キョロキョロと辺りを見回す。先程の女の子達や、その他にも見覚えのある子達が沢山いた。

 クラス発表は10時に張り出される。
皆クラス発表は自分の学校生活の生死に関わるので、10時ピッタリに見る人が多いのだろう。だって私もその一人だから。

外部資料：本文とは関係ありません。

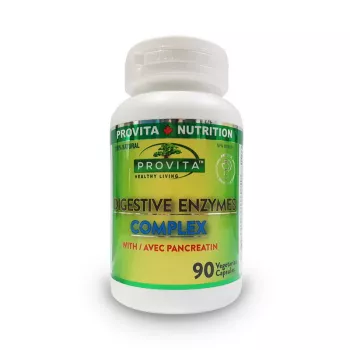 Aloe Ferox Capsule – Pierde in greutate in mod natural?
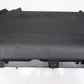TOYOTA RAV4 Driver Knee Airbag Air Bag OEM 2019 2020 2021 2022 2023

 そんな考え事をしていると、後ろから「おはよ」と声が聞こえた。
なかなかに低いけど、若干掠れて声出しにくそうだなぁと思わせるような声の主。
それは勿論、私の待ち人だ。


「おはー晴」


 振り返ると、ニヤッとした笑顔を浮かべている晴の姿があった。
いつも通りの黒いパーカーにジーンズを着用していて、小学校の頃から全く変わっていない。

 久しぶりに会ったせいだろうか。
背が高い人ってジーンズ似合うよなぁ、と思ってしまった。カッコいい。
 ……カッコいい?無意識にカッコいいと思った自分に、恥ずかしくなった。


「お前また黒パーカー?」

「実久留だって毎日パーカーじゃん」

「私は毎回同じ色のパーカーじゃないから、セーフなんですよ??」

「なんだそれ」


 そう言い合いをしながら、校門を通り抜ける。
沢山の生徒が集まっていたせいか、既にクラス発表の紙が張られていた。
 「やった一緒だね!」「うわ、離れた……」などの声が聞こえてくる。

 忘れていた恐怖が蘇ってきた。
晴と一緒じゃなかったらどうしよう。

__もし一緒じゃなかったら。

最悪な未来を予想してしまい、一気に血の気がひく。


「クラス、一緒だといいね」

「だな」


 たった短い一言だったけれど、私はその言葉さえも嬉しく感じていた。

 クラス発表の紙の近くに行くと、人が居すぎて熱気が凄いのが分かる。
「ちゃんと後ろ着いて来いよー」と言われ「わかってますよー」と返事をした。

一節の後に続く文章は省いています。